◆ **Raw data**

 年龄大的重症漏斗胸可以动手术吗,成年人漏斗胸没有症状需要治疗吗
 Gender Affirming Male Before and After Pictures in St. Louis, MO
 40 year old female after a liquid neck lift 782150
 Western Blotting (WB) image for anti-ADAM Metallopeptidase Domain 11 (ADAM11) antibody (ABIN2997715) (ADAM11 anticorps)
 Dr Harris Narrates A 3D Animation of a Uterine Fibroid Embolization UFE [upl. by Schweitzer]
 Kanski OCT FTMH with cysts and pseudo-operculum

...

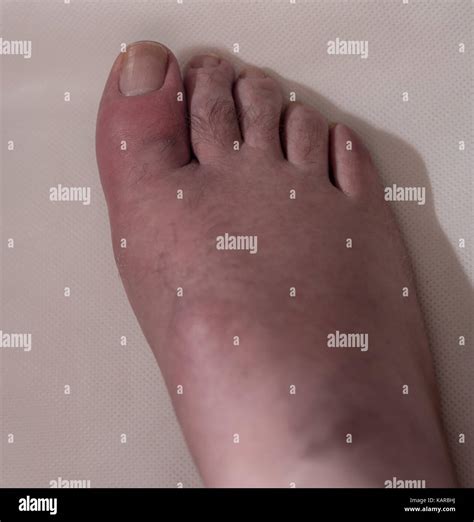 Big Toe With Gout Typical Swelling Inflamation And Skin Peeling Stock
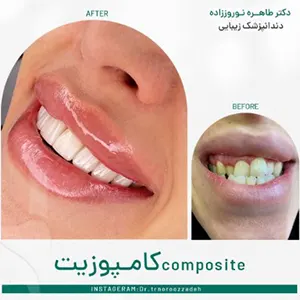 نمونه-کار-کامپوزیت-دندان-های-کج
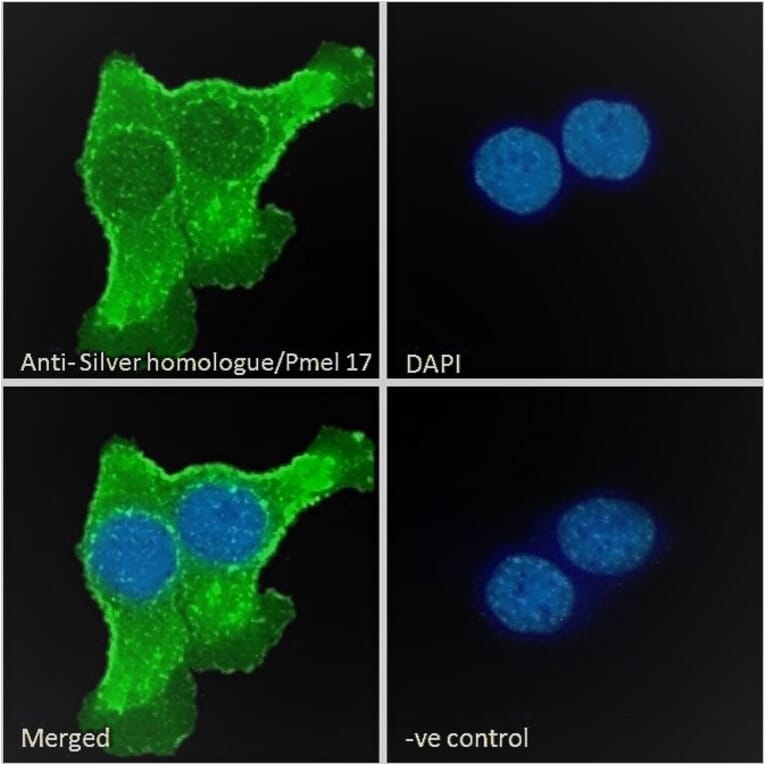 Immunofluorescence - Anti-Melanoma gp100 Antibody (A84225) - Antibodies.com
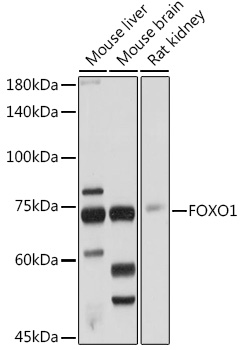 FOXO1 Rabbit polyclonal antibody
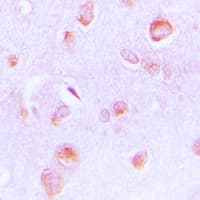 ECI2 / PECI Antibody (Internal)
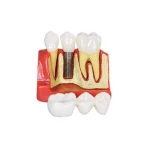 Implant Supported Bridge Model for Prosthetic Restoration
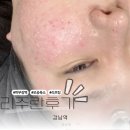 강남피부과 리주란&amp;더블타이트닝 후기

* * *

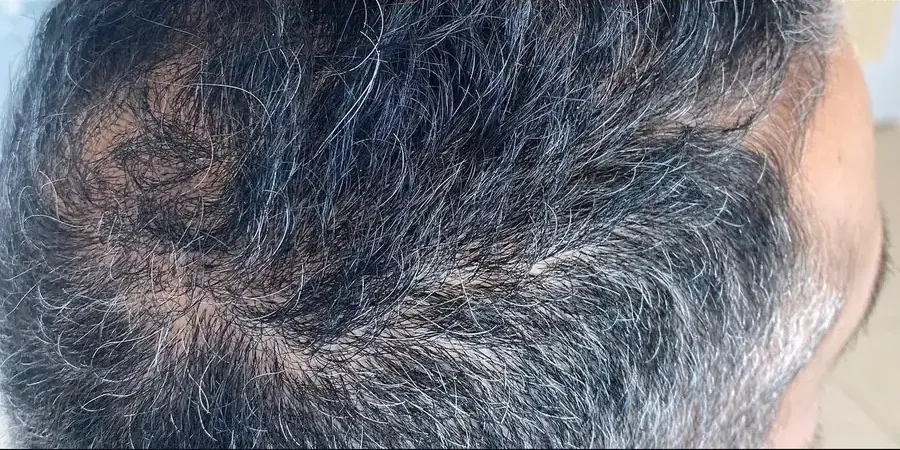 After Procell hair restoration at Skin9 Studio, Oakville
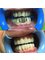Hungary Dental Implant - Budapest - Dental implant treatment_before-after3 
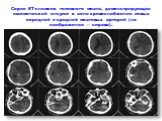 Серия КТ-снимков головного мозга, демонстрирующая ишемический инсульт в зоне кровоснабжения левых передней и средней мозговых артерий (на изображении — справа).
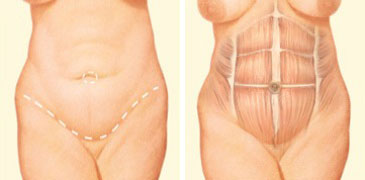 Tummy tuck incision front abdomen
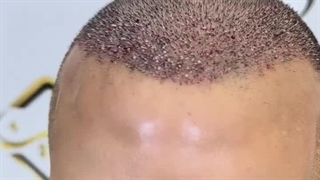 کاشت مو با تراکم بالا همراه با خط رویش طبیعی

◆ **Your task**
Copy the stretch of the records above that runs from the line with "年龄大的重症漏斗胸可以动手术吗,成年人漏斗胸没有症状需要治疗吗" through the line with "Kanski OCT FTMH". Both end lines belong in the copy, and nothing else does.

◆ **Written reply**
 年龄大的重症漏斗胸可以动手术吗,成年人漏斗胸没有症状需要治疗吗
 Gender Affirming Male Before and After Pictures in St. Louis, MO
 40 year old female after a liquid neck lift 782150
 Western Blotting (WB) image for anti-ADAM Metallopeptidase Domain 11 (ADAM11) antibody (ABIN2997715) (ADAM11 anticorps)
 Dr Harris Narrates A 3D Animation of a Uterine Fibroid Embolization UFE [upl. by Schweitzer]
 Kanski OCT FTMH with cysts and pseudo-operculum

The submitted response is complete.